Even a small amount can be harmful so keep these out of reach and look out for signs of vomiting, diarrhoea, seizures, heart problems, hyperactivity and tremors. If any of these occur, call the vet immediately. 

Hot cross buns

Almost as popular as Easter eggs are hot cross buns, with the sweet bread having been around for hundreds of years!

Although the rich fruit bread, which is often filled with raisins, currants and sultanas, may make a delicious breakfast or afternoon snack, they can be harmful to dogs. 

These dried fruits can even cause kidney failure in some cases, so it is important to keep these, as well as the other traditional pudding, Simnel cake, away from your pet. 

Roast dinners

Many families will sit down to a roast dinner on Sunday, but it is important not to give leftovers to your dog. 

For a start, some of the foods normally served up in a roast can be too fatty or salty for animals, which could lead to pancreatitis. 

Additionally, if they eat small bones, they can get stuck in their throats and be very dangerous for them. 

Spring bulbs

We are all hoping for better weather so we can enjoy the Easter weekend outside, but it is important to not let your dogs get too close to spring bulbs, as these can be harmful to them. 

While they are beautiful to look at, if dogs chew on daffodils, they can get stomach aches, diarrhoea or start to vomit. They may also have fits or appear lethargic. 

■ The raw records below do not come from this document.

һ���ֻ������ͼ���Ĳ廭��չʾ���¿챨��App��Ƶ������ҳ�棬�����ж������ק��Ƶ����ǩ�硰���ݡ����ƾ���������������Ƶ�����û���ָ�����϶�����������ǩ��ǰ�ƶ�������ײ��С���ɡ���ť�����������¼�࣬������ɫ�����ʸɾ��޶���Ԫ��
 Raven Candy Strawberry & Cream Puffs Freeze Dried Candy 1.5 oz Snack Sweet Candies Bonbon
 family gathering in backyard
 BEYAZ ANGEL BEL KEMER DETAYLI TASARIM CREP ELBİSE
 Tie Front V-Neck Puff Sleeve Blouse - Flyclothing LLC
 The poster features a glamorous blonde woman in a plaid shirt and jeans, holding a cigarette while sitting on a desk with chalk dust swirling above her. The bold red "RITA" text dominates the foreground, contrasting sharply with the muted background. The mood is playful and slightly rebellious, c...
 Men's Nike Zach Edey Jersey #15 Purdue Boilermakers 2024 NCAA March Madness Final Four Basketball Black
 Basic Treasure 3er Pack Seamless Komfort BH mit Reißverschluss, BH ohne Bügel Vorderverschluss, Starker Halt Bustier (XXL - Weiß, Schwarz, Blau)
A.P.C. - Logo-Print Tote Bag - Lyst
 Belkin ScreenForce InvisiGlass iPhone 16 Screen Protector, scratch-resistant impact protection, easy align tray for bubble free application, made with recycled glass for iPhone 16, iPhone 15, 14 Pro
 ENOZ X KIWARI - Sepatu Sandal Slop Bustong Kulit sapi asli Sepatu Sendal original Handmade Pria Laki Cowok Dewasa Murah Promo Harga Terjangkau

Tulips are also a danger to pets, as these can irritate their mouth and gastrointestinal tract. As well as being sick and having diarrhoea, they may also develop heart problems or breathing difficulties. 

Crocuses should also be avoided, as well as bluebells, hyacinths, irises, lilies, amaryllis, azaleas, foxgloves, and rhododendrons. 

Therefore, if there are lots of these pretty flowers around, it is worth keeping your dog on a lead to avoid the risk of them being eaten.